This is a timeline we use in White Noise workshops to help make visible dominant representations of white women that have historically served to reinforce, normalize and naturalize forms of racist violence and patriarchal oppression.  How do these narratives of white female sexuality and identity (re)appear in the present? How do they continue to live in our imaginations, bodies, dreams, media, collective consciousness, politics? By no means attempting to be some kind of comprehensive history, but rather pulling out some key threads in the unweaving of structures of domination.  Here we go:

Captivity narratives, stories of women and men of European descent who were captured by Native Americans, were immensely popular in in both the US and Europe from the 17th century until the close of the United States frontier in the late 19th century. A defining genre of American literature that told tales of Indian savagery, the bravery of white male settlers, and the vulnerability of white women in need of protection and rescue. How does the US keep looking into this mirror to define itself, project moral superiority, and justify violence against men and women of color?  How does white male sexual anxiety continue to occupy such a powerful position in the national psyche? How are white women used to uphold national mythologies and rationalize domination?
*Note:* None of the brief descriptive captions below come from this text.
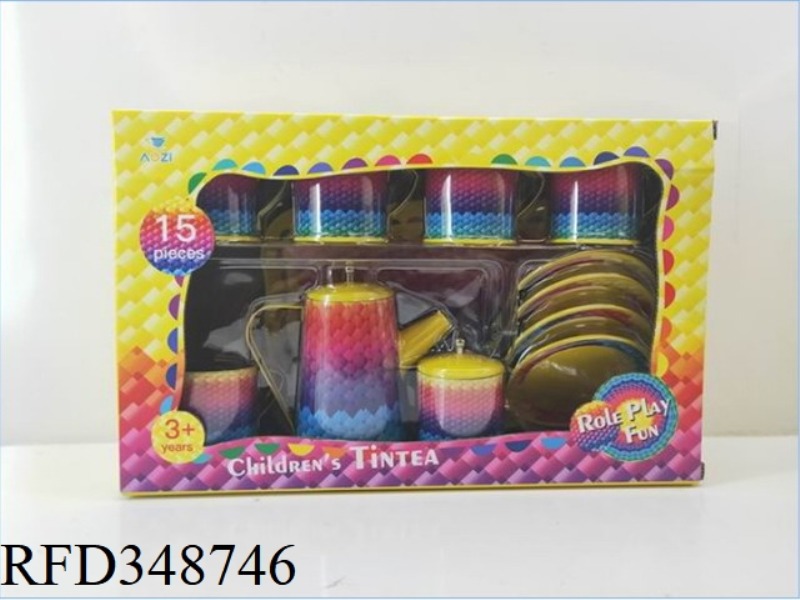 COLORFUL HIGH POT PRINTING TEA SET 15PCS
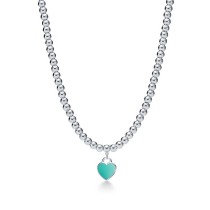 Return to Tiffany Mini Blue Heart Tag Bead Necklace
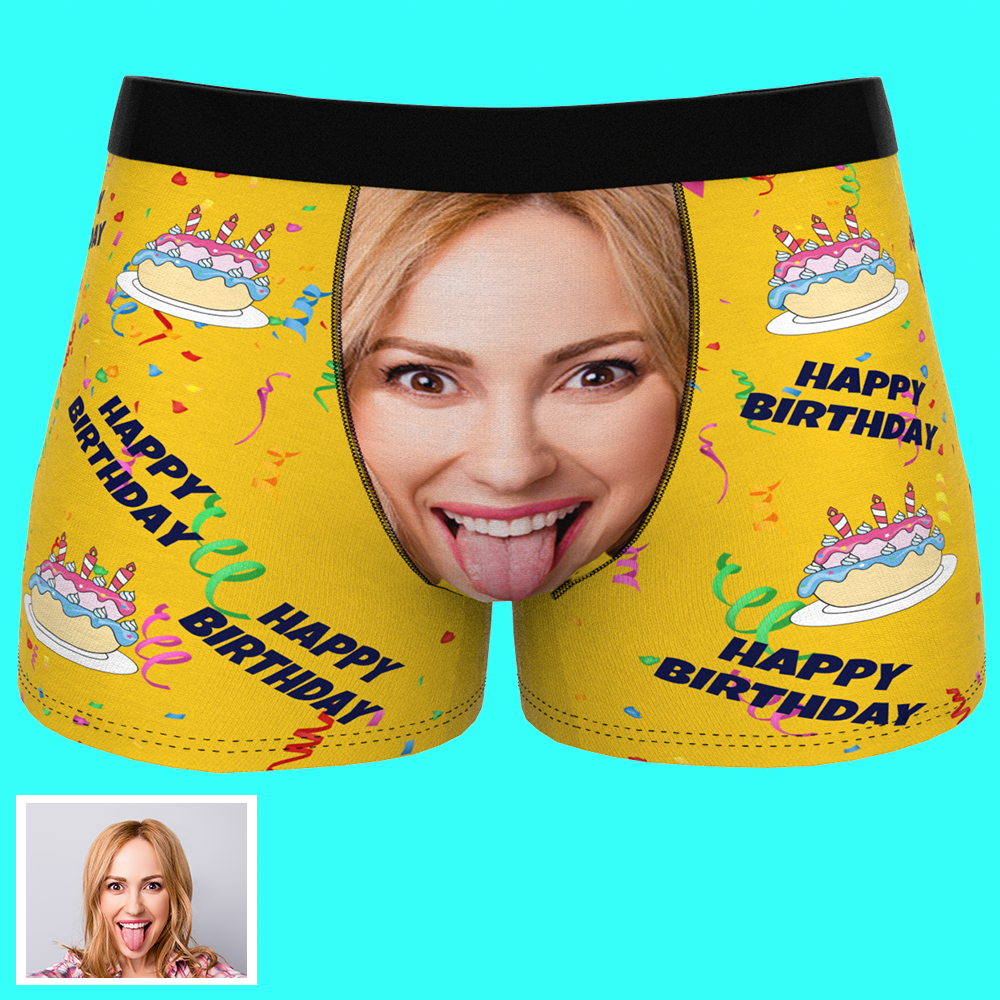 Custom Face Boxer Herren Unterwäsche Alles Gute zum Geburtstag Geschenke für Freund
Hysteria and the birth of psychoanalysis.  In the Western world up until the 17th century, “hysteria” referred to a medical condition thought to be particular to women, caused by disturbances of the uterus (Greek, hystera = uterus).  By the mid-19th century, hysteria came to refer to sexual and emotional dysfunction, mostly associated with “civilized” women. In this famous painting, French neurologist Charcot is giving a demonstration of female hysteria, with a fainting woman as the key object under study by European male eyes.  Freud incorporated Charcot’s views on “traumatic hysteria”, combined them with forms of “talking cure” and techniques for reconstructing repressed memories, and the field of modern psychoanalysis was born. Its main patient: the figure of the hysterical woman, unable to control her body or emotions, irrational, delusional, weak, violent, insane.  Common earlier treatment for female hysteria was to  induce “hysterical paroxysm” (i.e. orgasm), through manual pelvic stimulation, water sprays, or vibrators. Yes, that’s what the doctor ordered.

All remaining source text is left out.